Looking at buying my first (more serious) grill, and there are 2 options i'm looking at.
One is a pellet smoker, the other a more traditional gas grill (links to both in the bottom, but they are in Danish).
My big question is, the smoker claims to have a max temp of 275C (527F), is this hot enough to sear meat, especially thin cuts (around 1cm (Little less than 0.5 inches))?
I typically find thin cuts to be bone dry by the time they're nicely brown, which I assume is due to too low temps on the rather terrible grills I've used thus far, resulting in way too long cook times.
The regular gas grill also has a searing station, iirc they claim it goes up to about 700C (1300F), which should be hot enough for basically any cooking challenge, i should hope.
My main priority is definitely "regular" grilling, but I've been wanting to dabble in smoking for a while now, but not if it comes at the cost of good searing.
If 275C (527F) is too cold for my typical grilling applications, how well does the different method for smoking in a gas grill work? I've seen that it's possible, maybe some of you have tried it, and can report whether it was a success?
Links:
Gas grill (Nexgril Deluxe 5B++) https://shopping.coop.dk/vare/nexgrill-gasgrill-deluxe-5bplusplus-5-braendere,-bagbraender,-2-sidebraendere-og-protouch-system/6009880808236
Pellet smoker (Nexgril Oakford 26) https://shopping.coop.dk/vare/nexgrill-pillegrill-oakford-26-low-og-slow-tilberedning-med-autentisk-roegsmag/6009897133529
Any tips, tricks or experiences for either grill type is also much appreciated 🙂
Thanks in advance.
by BellyMeister
1 Comment
Let’s define “searing” first. My definition of searing is creating a delicious crust with the Maillard reaction and carmelization. My goal for searing never includes burning, burn marks, or unnecessary drying out of the meat.

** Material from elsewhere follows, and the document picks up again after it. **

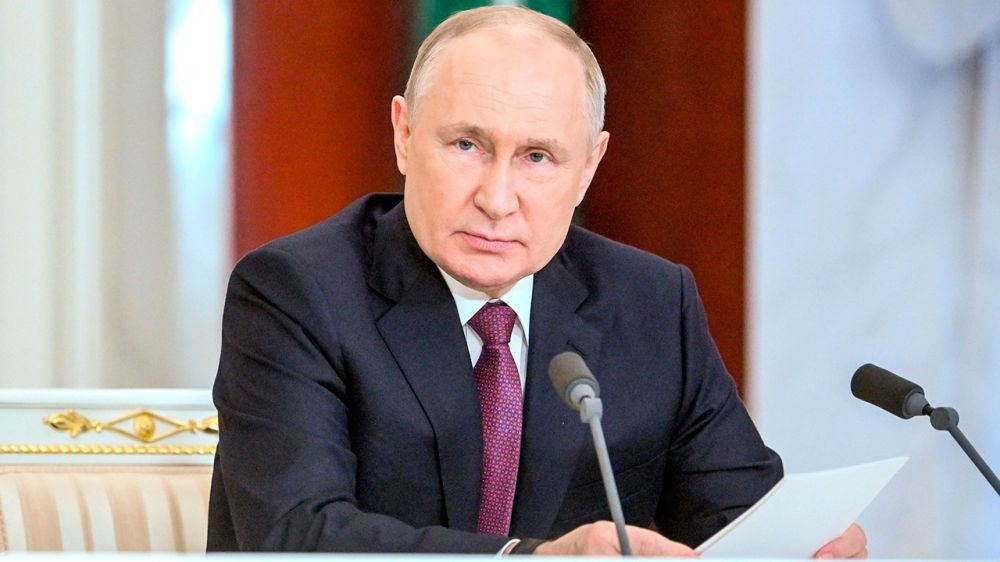 Путин призвал преодолевать в новых регионах РФ последствия националистической политики Киева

With that in mind – searing (from) RAW MEAT happens in a specific range from as low as 310 F to as high as 525 F (or around 150 to 275 C). Nothing much lower will work – and much higher will introduces high risk of burning/drying. Those rules change if quick-searing sous vide or slow-smoked meats – for those, I like a higher sear temp (700 F or so) with much less time – but it all depends on the application. Realistically – 375 to 425 F is a good target on something cooked from raw – and the best crusts I’ve gotten are actually on the lower to mid temp ranges. There are many ways to skin the cat – but ultra-high temp burners are not required for a great crust – they just enable a few extra use cases. But if you like those use cases – they are really nice to have.